— Task goal —
Your task is to repeat the listing exactly.
------ Listed entries ------
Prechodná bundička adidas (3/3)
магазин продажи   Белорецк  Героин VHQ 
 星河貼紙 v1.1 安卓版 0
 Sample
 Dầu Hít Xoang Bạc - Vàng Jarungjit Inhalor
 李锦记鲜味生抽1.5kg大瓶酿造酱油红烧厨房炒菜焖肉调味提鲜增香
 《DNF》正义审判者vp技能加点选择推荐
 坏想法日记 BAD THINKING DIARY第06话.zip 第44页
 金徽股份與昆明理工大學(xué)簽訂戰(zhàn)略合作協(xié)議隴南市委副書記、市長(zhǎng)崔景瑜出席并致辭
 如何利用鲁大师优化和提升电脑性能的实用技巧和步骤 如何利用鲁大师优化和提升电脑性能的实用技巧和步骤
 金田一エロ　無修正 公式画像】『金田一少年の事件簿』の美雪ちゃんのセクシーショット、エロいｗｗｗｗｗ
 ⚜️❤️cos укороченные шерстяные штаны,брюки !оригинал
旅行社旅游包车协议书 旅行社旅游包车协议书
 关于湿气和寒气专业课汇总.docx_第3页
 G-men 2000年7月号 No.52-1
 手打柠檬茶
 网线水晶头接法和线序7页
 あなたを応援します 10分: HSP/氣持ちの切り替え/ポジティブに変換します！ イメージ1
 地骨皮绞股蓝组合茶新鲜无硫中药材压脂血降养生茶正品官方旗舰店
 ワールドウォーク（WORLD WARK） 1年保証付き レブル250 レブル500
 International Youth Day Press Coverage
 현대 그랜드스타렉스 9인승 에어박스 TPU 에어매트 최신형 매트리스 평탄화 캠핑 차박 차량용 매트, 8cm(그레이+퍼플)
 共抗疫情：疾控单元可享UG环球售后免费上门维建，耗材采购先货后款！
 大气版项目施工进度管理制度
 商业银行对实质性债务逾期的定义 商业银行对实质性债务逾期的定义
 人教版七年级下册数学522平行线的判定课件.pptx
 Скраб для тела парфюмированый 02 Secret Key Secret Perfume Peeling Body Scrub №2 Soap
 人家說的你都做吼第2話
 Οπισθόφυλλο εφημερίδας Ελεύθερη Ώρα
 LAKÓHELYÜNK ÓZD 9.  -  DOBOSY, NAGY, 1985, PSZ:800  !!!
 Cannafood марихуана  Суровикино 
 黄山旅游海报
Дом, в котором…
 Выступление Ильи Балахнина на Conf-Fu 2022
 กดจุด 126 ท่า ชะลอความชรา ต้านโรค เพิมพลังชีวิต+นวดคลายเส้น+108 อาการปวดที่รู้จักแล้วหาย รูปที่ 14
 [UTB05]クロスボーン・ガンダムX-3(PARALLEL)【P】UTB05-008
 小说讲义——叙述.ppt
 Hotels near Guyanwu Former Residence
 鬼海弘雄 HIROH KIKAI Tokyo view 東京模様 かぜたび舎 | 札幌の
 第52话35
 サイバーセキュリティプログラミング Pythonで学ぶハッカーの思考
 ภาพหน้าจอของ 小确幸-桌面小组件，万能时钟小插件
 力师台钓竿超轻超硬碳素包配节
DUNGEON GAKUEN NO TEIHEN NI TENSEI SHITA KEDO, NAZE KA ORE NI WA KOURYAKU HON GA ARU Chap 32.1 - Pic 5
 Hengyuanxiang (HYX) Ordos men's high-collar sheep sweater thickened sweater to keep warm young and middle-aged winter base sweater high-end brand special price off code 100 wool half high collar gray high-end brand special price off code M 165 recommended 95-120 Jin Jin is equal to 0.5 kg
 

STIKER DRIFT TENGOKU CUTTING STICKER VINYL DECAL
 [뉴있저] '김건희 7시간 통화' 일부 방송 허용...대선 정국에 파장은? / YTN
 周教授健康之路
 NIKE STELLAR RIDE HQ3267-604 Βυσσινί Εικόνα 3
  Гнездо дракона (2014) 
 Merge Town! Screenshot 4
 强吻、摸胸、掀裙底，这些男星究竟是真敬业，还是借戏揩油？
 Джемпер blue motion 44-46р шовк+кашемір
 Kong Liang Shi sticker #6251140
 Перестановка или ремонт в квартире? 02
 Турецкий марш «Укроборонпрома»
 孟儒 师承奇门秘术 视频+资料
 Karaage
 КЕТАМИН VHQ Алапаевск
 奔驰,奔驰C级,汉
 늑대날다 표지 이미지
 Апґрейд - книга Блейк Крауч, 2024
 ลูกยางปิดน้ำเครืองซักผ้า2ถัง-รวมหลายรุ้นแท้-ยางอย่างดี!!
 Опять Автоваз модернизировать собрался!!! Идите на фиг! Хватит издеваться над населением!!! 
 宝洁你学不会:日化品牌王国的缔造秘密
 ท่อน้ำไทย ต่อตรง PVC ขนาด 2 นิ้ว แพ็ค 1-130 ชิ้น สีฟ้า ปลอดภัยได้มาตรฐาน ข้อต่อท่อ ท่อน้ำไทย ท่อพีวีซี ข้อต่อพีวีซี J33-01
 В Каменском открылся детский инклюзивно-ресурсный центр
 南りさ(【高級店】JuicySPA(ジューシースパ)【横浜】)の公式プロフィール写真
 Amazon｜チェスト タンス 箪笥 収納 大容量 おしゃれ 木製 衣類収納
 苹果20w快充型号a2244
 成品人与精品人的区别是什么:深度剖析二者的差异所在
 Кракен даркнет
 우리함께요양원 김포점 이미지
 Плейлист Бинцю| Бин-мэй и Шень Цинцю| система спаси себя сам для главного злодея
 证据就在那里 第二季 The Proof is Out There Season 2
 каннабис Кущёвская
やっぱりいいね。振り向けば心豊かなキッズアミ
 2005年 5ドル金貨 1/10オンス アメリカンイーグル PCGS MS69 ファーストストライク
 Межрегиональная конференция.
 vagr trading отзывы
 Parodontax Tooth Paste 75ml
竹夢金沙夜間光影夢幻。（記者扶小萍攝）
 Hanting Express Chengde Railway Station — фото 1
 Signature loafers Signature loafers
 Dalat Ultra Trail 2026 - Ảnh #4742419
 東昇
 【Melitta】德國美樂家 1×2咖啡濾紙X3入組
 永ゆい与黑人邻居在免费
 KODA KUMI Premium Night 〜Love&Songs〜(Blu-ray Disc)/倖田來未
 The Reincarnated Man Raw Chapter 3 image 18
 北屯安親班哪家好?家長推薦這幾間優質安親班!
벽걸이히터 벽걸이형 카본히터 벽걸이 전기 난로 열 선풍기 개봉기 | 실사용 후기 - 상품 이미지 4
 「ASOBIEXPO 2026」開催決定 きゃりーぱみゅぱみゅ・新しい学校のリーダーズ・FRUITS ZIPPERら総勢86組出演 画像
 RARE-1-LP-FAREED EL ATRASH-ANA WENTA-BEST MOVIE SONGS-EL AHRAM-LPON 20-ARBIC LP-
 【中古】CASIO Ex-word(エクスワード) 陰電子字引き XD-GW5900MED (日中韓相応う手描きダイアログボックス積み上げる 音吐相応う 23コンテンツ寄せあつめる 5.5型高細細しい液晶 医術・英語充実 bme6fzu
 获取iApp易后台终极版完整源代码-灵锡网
------
— Answer —
Prechodná bundička adidas (3/3)
магазин продажи   Белорецк  Героин VHQ 
 星河貼紙 v1.1 安卓版 0
 Sample
 Dầu Hít Xoang Bạc - Vàng Jarungjit Inhalor
 李锦记鲜味生抽1.5kg大瓶酿造酱油红烧厨房炒菜焖肉调味提鲜增香
 《DNF》正义审判者vp技能加点选择推荐
 坏想法日记 BAD THINKING DIARY第06话.zip 第44页
 金徽股份與昆明理工大學(xué)簽訂戰(zhàn)略合作協(xié)議隴南市委副書記、市長(zhǎng)崔景瑜出席并致辭
 如何利用鲁大师优化和提升电脑性能的实用技巧和步骤 如何利用鲁大师优化和提升电脑性能的实用技巧和步骤
 金田一エロ　無修正 公式画像】『金田一少年の事件簿』の美雪ちゃんのセクシーショット、エロいｗｗｗｗｗ
 ⚜️❤️cos укороченные шерстяные штаны,брюки !оригинал
旅行社旅游包车协议书 旅行社旅游包车协议书
 关于湿气和寒气专业课汇总.docx_第3页
 G-men 2000年7月号 No.52-1
 手打柠檬茶
 网线水晶头接法和线序7页
 あなたを応援します 10分: HSP/氣持ちの切り替え/ポジティブに変換します！ イメージ1
 地骨皮绞股蓝组合茶新鲜无硫中药材压脂血降养生茶正品官方旗舰店
 ワールドウォーク（WORLD WARK） 1年保証付き レブル250 レブル500
 International Youth Day Press Coverage
 현대 그랜드스타렉스 9인승 에어박스 TPU 에어매트 최신형 매트리스 평탄화 캠핑 차박 차량용 매트, 8cm(그레이+퍼플)
 共抗疫情：疾控单元可享UG环球售后免费上门维建，耗材采购先货后款！
 大气版项目施工进度管理制度
 商业银行对实质性债务逾期的定义 商业银行对实质性债务逾期的定义
 人教版七年级下册数学522平行线的判定课件.pptx
 Скраб для тела парфюмированый 02 Secret Key Secret Perfume Peeling Body Scrub №2 Soap
 人家說的你都做吼第2話
 Οπισθόφυλλο εφημερίδας Ελεύθερη Ώρα
 LAKÓHELYÜNK ÓZD 9.  -  DOBOSY, NAGY, 1985, PSZ:800  !!!
 Cannafood марихуана  Суровикино 
 黄山旅游海报
Дом, в котором…
 Выступление Ильи Балахнина на Conf-Fu 2022
 กดจุด 126 ท่า ชะลอความชรา ต้านโรค เพิมพลังชีวิต+นวดคลายเส้น+108 อาการปวดที่รู้จักแล้วหาย รูปที่ 14
 [UTB05]クロスボーン・ガンダムX-3(PARALLEL)【P】UTB05-008
 小说讲义——叙述.ppt
 Hotels near Guyanwu Former Residence
 鬼海弘雄 HIROH KIKAI Tokyo view 東京模様 かぜたび舎 | 札幌の
 第52话35
 サイバーセキュリティプログラミング Pythonで学ぶハッカーの思考
 ภาพหน้าจอของ 小确幸-桌面小组件，万能时钟小插件
 力师台钓竿超轻超硬碳素包配节
DUNGEON GAKUEN NO TEIHEN NI TENSEI SHITA KEDO, NAZE KA ORE NI WA KOURYAKU HON GA ARU Chap 32.1 - Pic 5
 Hengyuanxiang (HYX) Ordos men's high-collar sheep sweater thickened sweater to keep warm young and middle-aged winter base sweater high-end brand special price off code 100 wool half high collar gray high-end brand special price off code M 165 recommended 95-120 Jin Jin is equal to 0.5 kg
 

STIKER DRIFT TENGOKU CUTTING STICKER VINYL DECAL
 [뉴있저] '김건희 7시간 통화' 일부 방송 허용...대선 정국에 파장은? / YTN
 周教授健康之路
 NIKE STELLAR RIDE HQ3267-604 Βυσσινί Εικόνα 3
  Гнездо дракона (2014) 
 Merge Town! Screenshot 4
 强吻、摸胸、掀裙底，这些男星究竟是真敬业，还是借戏揩油？
 Джемпер blue motion 44-46р шовк+кашемір
 Kong Liang Shi sticker #6251140
 Перестановка или ремонт в квартире? 02
 Турецкий марш «Укроборонпрома»
 孟儒 师承奇门秘术 视频+资料
 Karaage
 КЕТАМИН VHQ Алапаевск
 奔驰,奔驰C级,汉
 늑대날다 표지 이미지
 Апґрейд - книга Блейк Крауч, 2024
 ลูกยางปิดน้ำเครืองซักผ้า2ถัง-รวมหลายรุ้นแท้-ยางอย่างดี!!
 Опять Автоваз модернизировать собрался!!! Идите на фиг! Хватит издеваться над населением!!! 
 宝洁你学不会:日化品牌王国的缔造秘密
 ท่อน้ำไทย ต่อตรง PVC ขนาด 2 นิ้ว แพ็ค 1-130 ชิ้น สีฟ้า ปลอดภัยได้มาตรฐาน ข้อต่อท่อ ท่อน้ำไทย ท่อพีวีซี ข้อต่อพีวีซี J33-01
 В Каменском открылся детский инклюзивно-ресурсный центр
 南りさ(【高級店】JuicySPA(ジューシースパ)【横浜】)の公式プロフィール写真
 Amazon｜チェスト タンス 箪笥 収納 大容量 おしゃれ 木製 衣類収納
 苹果20w快充型号a2244
 成品人与精品人的区别是什么:深度剖析二者的差异所在
 Кракен даркнет
 우리함께요양원 김포점 이미지
 Плейлист Бинцю| Бин-мэй и Шень Цинцю| система спаси себя сам для главного злодея
 证据就在那里 第二季 The Proof is Out There Season 2
 каннабис Кущёвская
やっぱりいいね。振り向けば心豊かなキッズアミ
 2005年 5ドル金貨 1/10オンス アメリカンイーグル PCGS MS69 ファーストストライク
 Межрегиональная конференция.
 vagr trading отзывы
 Parodontax Tooth Paste 75ml
竹夢金沙夜間光影夢幻。（記者扶小萍攝）
 Hanting Express Chengde Railway Station — фото 1
 Signature loafers Signature loafers
 Dalat Ultra Trail 2026 - Ảnh #4742419
 東昇
 【Melitta】德國美樂家 1×2咖啡濾紙X3入組
 永ゆい与黑人邻居在免费
 KODA KUMI Premium Night 〜Love&Songs〜(Blu-ray Disc)/倖田來未
 The Reincarnated Man Raw Chapter 3 image 18
 北屯安親班哪家好?家長推薦這幾間優質安親班!
벽걸이히터 벽걸이형 카본히터 벽걸이 전기 난로 열 선풍기 개봉기 | 실사용 후기 - 상품 이미지 4
 「ASOBIEXPO 2026」開催決定 きゃりーぱみゅぱみゅ・新しい学校のリーダーズ・FRUITS ZIPPERら総勢86組出演 画像
 RARE-1-LP-FAREED EL ATRASH-ANA WENTA-BEST MOVIE SONGS-EL AHRAM-LPON 20-ARBIC LP-
 【中古】CASIO Ex-word(エクスワード) 陰電子字引き XD-GW5900MED (日中韓相応う手描きダイアログボックス積み上げる 音吐相応う 23コンテンツ寄せあつめる 5.5型高細細しい液晶 医術・英語充実 bme6fzu
 获取iApp易后台终极版完整源代码-灵锡网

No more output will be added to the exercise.